Он имел право указать в книге "Путешествие на "Дисковери", что подлинные ворота в Антарктиду наконец найдены. Главный пояс льда, преграждающего путь в Антарктиду, писал он, ежегодно расходится к началу февраля, так что в этом месяце паровое судно, взявшее курс прямо на юг вдоль 178-го меридиана, имеет возможность достигнуть шельфового ледника Росса, вообще не встретив льдов.

"Кажется странным, что здесь бывает такое время, когда предприимчивый капитан туристского парохода может показать пассажирам дымящуюся вершину горы Эребус с такой же легкостью, с какой демонстрирует ныне виды Шпицбергена".

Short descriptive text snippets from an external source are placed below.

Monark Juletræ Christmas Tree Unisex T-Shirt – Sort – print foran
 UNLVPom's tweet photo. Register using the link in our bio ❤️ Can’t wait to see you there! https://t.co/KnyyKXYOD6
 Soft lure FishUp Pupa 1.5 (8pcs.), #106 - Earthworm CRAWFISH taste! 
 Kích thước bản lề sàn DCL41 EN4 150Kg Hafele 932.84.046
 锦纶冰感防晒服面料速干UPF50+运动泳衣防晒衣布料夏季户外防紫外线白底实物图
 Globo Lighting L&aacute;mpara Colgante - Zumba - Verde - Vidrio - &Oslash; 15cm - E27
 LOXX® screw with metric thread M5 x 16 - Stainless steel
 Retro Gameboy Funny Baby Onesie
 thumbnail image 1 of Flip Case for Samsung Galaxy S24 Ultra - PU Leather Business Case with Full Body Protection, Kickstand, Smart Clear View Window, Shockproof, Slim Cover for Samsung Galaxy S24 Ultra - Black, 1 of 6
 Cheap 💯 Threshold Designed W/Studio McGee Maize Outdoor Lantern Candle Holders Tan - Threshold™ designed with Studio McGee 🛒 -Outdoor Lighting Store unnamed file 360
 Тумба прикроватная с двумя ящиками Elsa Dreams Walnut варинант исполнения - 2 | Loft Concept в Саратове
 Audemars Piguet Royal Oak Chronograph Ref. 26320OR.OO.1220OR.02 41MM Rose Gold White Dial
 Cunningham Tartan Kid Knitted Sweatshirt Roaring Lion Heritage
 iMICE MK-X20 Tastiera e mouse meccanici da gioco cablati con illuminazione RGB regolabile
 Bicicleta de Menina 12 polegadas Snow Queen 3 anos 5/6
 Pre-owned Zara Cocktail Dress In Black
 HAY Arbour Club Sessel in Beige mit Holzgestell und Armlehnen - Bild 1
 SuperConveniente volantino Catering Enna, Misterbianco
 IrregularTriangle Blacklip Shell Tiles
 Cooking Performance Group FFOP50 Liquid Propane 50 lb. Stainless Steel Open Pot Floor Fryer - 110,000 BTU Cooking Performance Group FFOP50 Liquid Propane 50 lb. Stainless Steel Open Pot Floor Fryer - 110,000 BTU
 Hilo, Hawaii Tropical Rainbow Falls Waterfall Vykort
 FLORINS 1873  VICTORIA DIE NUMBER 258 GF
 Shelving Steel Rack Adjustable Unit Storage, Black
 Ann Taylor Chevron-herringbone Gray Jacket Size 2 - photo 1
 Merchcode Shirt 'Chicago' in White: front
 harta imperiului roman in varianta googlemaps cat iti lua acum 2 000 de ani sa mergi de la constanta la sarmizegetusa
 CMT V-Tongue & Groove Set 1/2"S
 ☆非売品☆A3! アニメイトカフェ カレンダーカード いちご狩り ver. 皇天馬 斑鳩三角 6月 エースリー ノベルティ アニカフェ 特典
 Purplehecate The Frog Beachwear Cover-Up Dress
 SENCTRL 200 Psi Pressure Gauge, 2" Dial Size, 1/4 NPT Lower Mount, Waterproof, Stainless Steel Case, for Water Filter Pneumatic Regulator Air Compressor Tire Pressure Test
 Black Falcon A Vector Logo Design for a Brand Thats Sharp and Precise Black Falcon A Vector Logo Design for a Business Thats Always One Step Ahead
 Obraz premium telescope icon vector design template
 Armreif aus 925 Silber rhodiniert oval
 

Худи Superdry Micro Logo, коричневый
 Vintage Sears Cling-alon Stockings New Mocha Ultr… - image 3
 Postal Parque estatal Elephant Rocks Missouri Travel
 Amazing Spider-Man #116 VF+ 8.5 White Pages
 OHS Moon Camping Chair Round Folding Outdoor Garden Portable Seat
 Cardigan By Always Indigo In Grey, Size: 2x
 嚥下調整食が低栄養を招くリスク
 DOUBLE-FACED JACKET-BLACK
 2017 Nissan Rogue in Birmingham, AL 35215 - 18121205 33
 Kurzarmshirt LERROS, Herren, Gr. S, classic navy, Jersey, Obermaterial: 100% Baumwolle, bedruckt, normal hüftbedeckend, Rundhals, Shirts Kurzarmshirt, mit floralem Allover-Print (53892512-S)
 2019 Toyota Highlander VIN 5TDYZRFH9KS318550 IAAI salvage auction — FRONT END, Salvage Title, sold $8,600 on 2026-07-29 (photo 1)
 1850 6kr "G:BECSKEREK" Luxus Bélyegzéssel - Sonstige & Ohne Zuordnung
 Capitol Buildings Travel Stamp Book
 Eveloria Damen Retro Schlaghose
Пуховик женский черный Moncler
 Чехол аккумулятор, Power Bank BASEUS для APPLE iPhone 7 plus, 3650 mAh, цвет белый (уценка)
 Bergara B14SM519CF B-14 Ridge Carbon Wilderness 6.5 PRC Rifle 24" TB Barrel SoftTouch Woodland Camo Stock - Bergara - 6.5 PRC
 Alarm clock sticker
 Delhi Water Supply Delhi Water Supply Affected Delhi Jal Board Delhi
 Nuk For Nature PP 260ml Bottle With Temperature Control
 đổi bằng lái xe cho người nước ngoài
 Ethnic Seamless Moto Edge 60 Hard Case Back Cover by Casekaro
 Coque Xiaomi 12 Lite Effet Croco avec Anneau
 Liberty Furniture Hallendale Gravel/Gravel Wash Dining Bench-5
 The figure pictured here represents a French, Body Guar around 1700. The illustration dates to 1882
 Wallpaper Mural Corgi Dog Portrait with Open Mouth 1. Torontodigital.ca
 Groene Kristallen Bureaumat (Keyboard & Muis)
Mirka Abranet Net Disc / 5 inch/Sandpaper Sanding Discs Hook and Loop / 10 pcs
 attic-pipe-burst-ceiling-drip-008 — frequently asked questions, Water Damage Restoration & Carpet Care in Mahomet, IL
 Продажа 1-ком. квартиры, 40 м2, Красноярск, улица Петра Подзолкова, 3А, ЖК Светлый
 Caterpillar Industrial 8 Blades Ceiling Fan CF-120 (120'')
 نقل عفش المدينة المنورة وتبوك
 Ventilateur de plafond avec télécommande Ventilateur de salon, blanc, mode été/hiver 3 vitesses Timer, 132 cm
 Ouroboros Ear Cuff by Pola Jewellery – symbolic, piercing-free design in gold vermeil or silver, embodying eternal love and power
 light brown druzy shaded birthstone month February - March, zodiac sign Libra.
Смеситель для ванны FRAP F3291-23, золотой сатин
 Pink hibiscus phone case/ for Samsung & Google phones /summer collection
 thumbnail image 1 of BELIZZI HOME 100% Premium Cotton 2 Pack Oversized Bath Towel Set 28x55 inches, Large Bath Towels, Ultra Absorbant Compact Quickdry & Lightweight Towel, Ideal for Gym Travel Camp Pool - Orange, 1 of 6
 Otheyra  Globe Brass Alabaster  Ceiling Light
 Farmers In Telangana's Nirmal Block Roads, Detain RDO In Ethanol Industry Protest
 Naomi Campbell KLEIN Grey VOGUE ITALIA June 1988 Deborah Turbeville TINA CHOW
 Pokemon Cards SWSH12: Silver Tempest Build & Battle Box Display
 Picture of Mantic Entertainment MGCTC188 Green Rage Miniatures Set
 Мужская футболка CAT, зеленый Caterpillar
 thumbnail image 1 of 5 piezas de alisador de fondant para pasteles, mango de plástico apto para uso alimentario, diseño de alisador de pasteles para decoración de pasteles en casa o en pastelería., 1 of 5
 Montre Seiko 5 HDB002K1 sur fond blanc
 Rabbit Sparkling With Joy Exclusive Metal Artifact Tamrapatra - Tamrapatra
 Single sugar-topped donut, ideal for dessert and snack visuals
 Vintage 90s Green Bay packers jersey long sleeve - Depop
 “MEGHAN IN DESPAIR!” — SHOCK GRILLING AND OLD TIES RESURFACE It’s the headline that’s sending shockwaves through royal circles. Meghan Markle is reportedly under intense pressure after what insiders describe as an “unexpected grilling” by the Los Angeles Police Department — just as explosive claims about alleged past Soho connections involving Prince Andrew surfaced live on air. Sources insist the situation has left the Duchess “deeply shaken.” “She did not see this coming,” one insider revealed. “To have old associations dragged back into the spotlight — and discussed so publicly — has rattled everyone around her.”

Изложение его взглядов на использование собачьих упряжек особенно поучительно. Он писал, что с большой неохотой прибег к убийству собак в походе Для того, чтобы прокормить других собак.

"Невозможно спокойно смотреть на истребление животных, которые наделены такой сообразительностью и яркой индивидуальностью, а зачастую и крайне привлекательными чертами характера и которых ты, очень возможно, привык считать своими друзьями и товарищами. С другой стороны, можно с достаточным основанием указать, что отказаться от достижения великих целей ради сохранения жизни собак - значит проявить чрезмерную сентиментальность".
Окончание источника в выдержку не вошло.